● **What you have to do**
Begin at the line containing "Red Sash, Helmet" and restate it and each line after it exactly, up to and including the last line below. Leave pictures out.

● **The data**
========

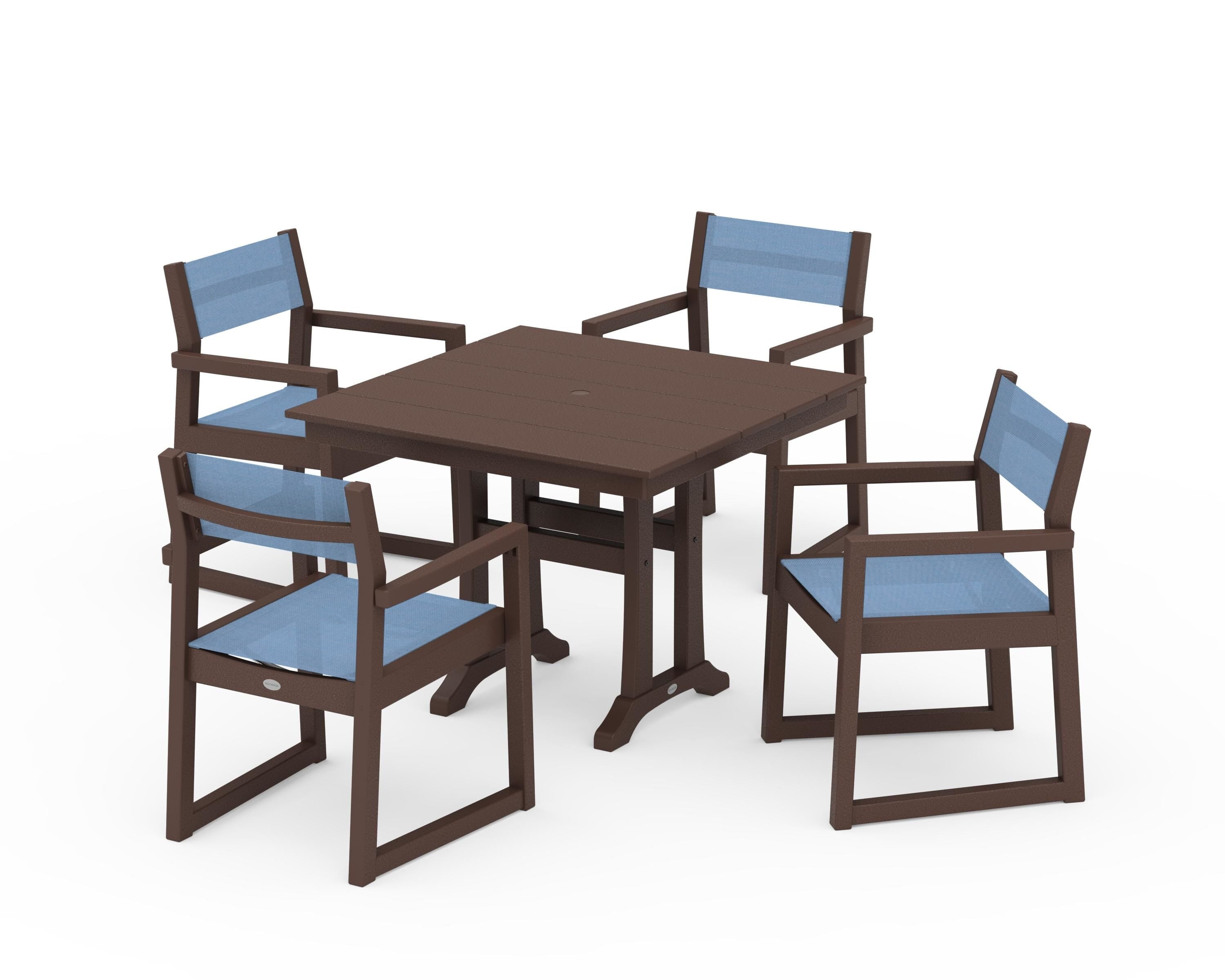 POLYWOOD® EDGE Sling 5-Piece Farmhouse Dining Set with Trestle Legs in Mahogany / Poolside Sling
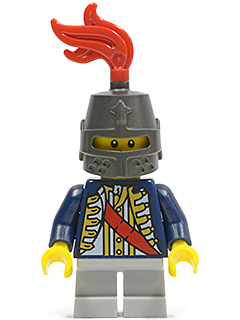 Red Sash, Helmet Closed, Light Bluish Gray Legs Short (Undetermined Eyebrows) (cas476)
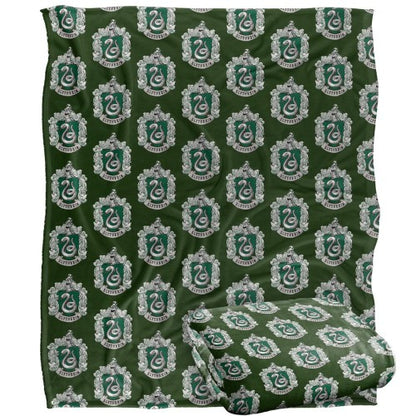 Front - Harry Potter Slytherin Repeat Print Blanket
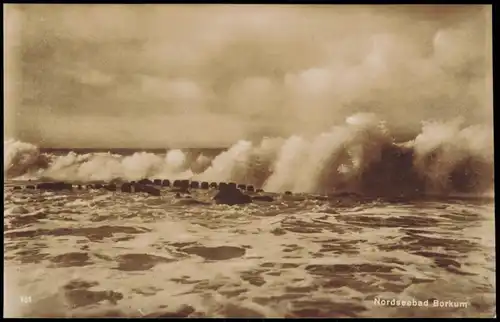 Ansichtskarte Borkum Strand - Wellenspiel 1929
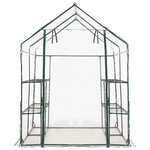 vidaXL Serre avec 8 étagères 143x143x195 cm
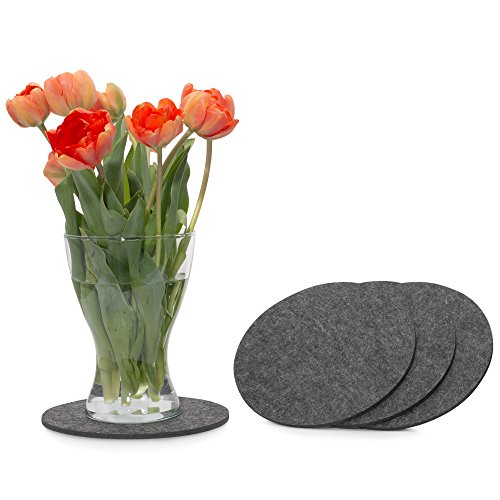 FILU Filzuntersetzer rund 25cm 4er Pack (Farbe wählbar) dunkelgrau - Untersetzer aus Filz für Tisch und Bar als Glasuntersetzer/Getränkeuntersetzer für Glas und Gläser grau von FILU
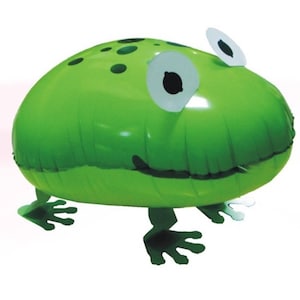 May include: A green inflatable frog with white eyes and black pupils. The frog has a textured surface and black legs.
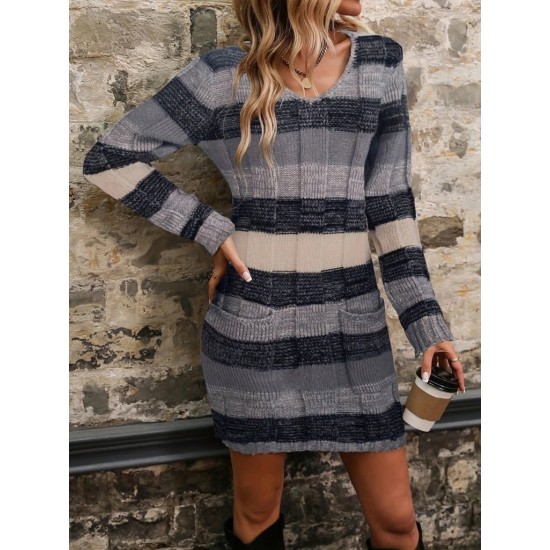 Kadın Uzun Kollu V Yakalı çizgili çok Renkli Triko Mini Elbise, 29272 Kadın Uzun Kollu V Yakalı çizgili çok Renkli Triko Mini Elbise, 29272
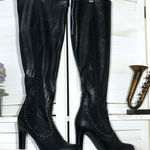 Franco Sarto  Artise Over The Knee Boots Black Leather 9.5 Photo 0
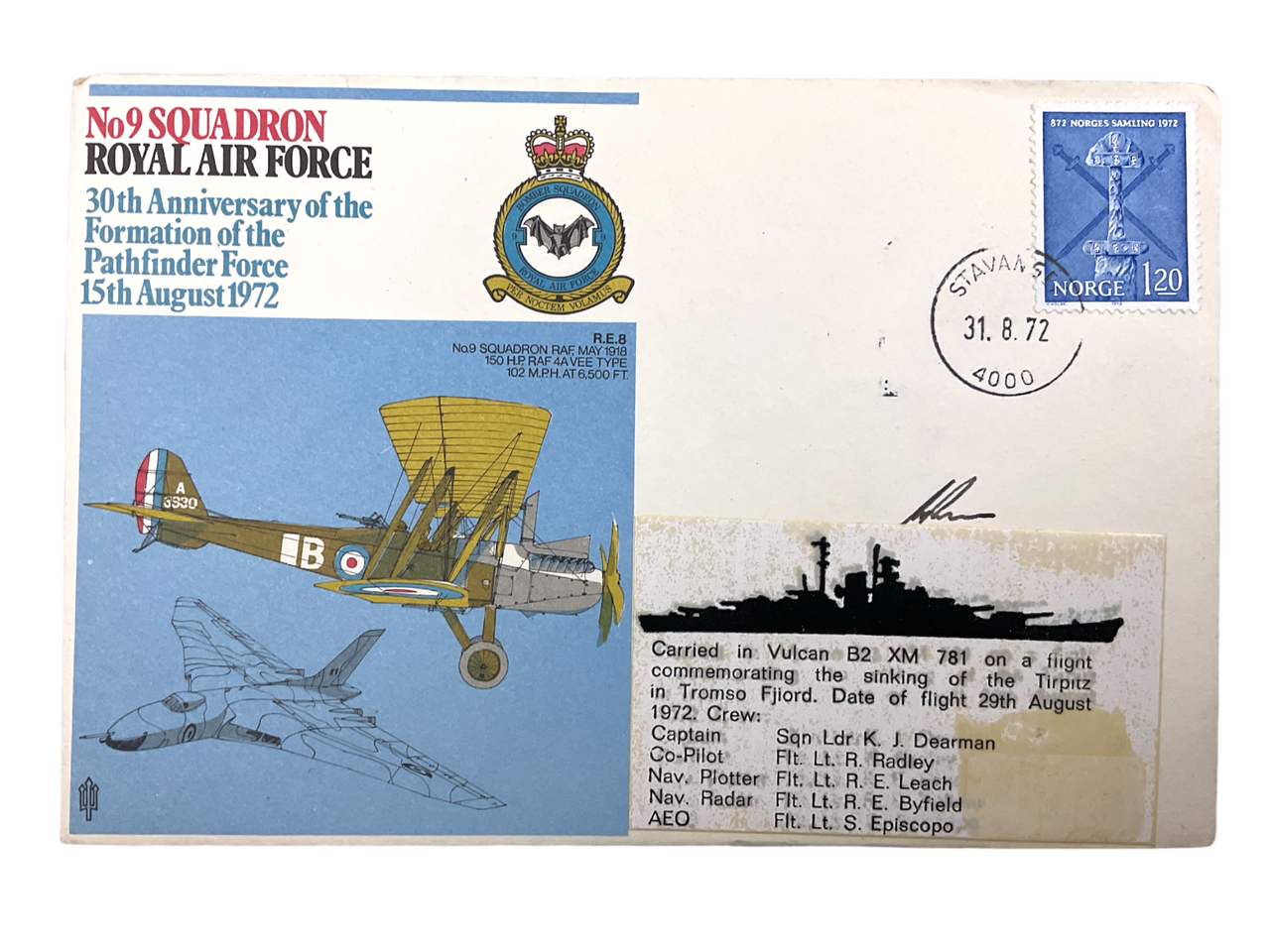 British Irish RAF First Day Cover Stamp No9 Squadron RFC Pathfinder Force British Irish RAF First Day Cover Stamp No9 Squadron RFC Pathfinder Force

========

● **Task solution**
 Red Sash, Helmet Closed, Light Bluish Gray Legs Short (Undetermined Eyebrows) (cas476)
 Front - Harry Potter Slytherin Repeat Print Blanket
 Ansichtskarte Borkum Strand - Wellenspiel 1929
 vidaXL Serre avec 8 étagères 143x143x195 cm
 FILU Filzuntersetzer rund 25cm 4er Pack (Farbe wählbar) dunkelgrau - Untersetzer aus Filz für Tisch und Bar als Glasuntersetzer/Getränkeuntersetzer für Glas und Gläser grau von FILU
 May include: A green inflatable frog with white eyes and black pupils. The frog has a textured surface and black legs.
 Kadın Uzun Kollu V Yakalı çizgili çok Renkli Triko Mini Elbise, 29272 Kadın Uzun Kollu V Yakalı çizgili çok Renkli Triko Mini Elbise, 29272
 Franco Sarto  Artise Over The Knee Boots Black Leather 9.5 Photo 0
 British Irish RAF First Day Cover Stamp No9 Squadron RFC Pathfinder Force British Irish RAF First Day Cover Stamp No9 Squadron RFC Pathfinder Force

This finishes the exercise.